-------- INFORMATION PROVIDED --------

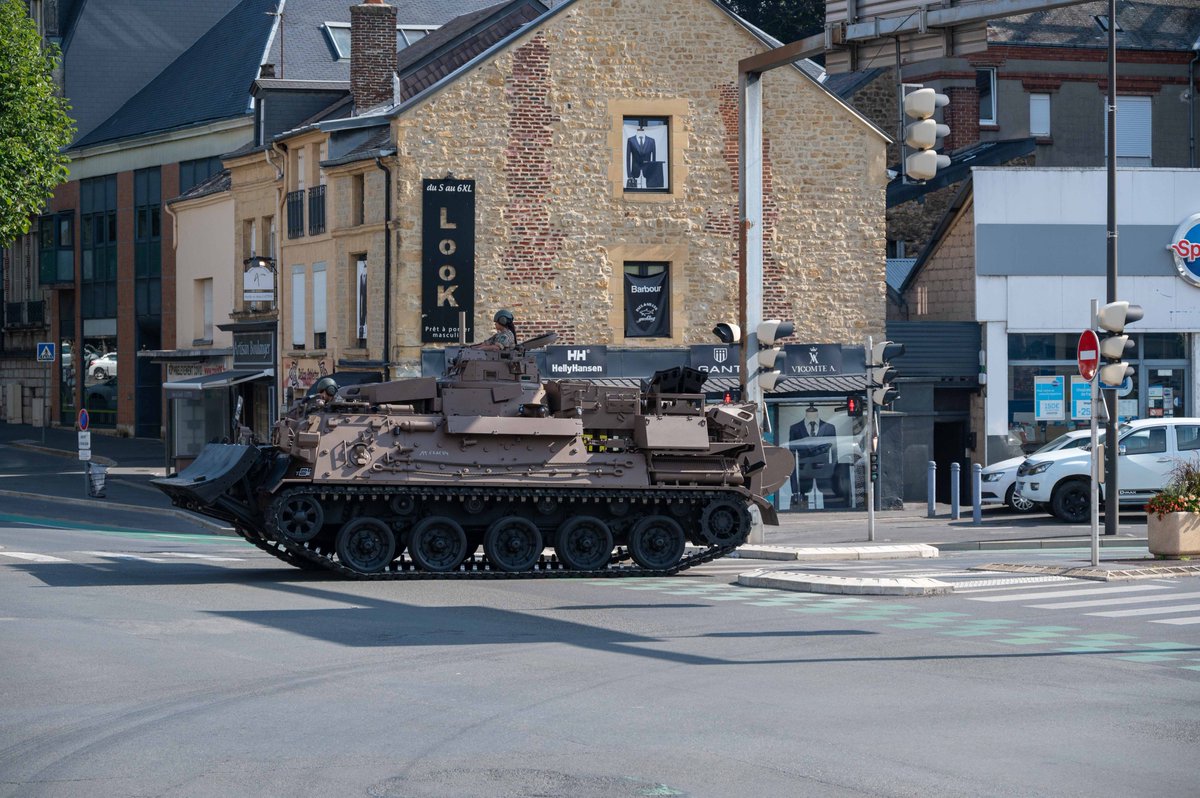 3eRG_Officiel's tweet photo. Retour des EBG  du #14juillet2025 par voie ferroviaire. Le @3e régiment du génie utilise son quai militaire situé en plein cœur de @Charleville-Mézières a proximité immédiate du quartier. La #Hauteintensité se prépare dès la caserne.

@7e_brig_blindee @armeeszne @armeedeterre https://t.co/qTDU294J3s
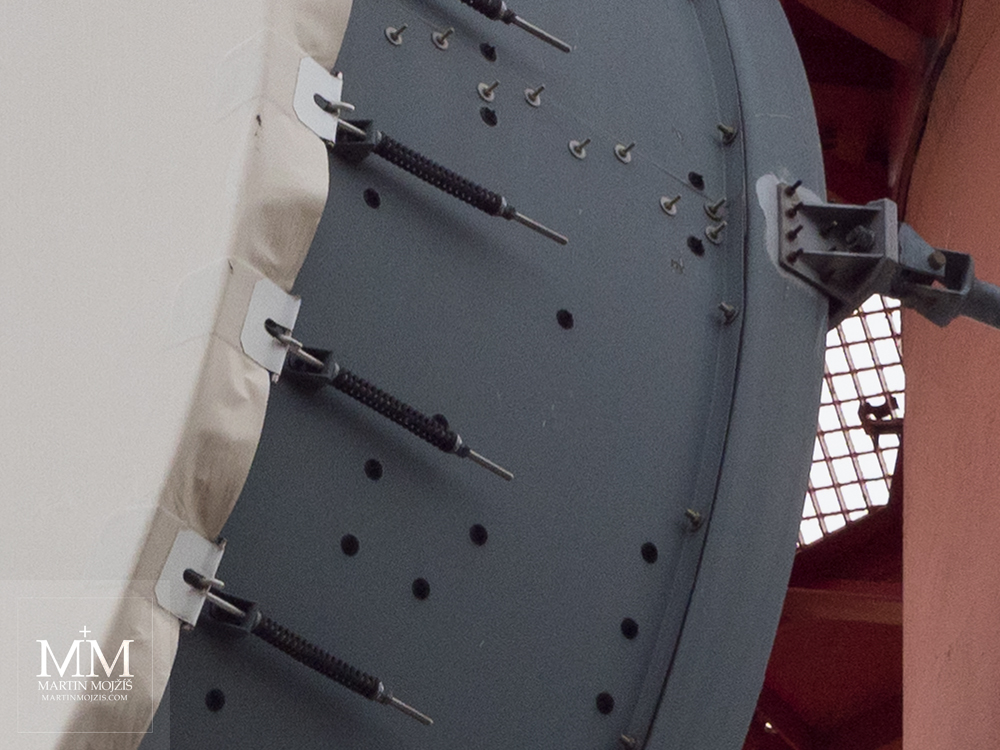 Detail of a circular antenna on the Nehost transmitter. Photograph created with the Olympus M. Zuiko digital ED 40 - 150 mm 1:2.8 PRO.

--------

» **WHAT THE TASK REQUIRES**:
Restate the data above verbatim, skipping every image.

» **RESULT OF THE EXERCISE**:
 3eRG_Officiel's tweet photo. Retour des EBG  du #14juillet2025 par voie ferroviaire. Le @3e régiment du génie utilise son quai militaire situé en plein cœur de @Charleville-Mézières a proximité immédiate du quartier. La #Hauteintensité se prépare dès la caserne.

@7e_brig_blindee @armeeszne @armeedeterre https://t.co/qTDU294J3s
 Detail of a circular antenna on the Nehost transmitter. Photograph created with the Olympus M. Zuiko digital ED 40 - 150 mm 1:2.8 PRO.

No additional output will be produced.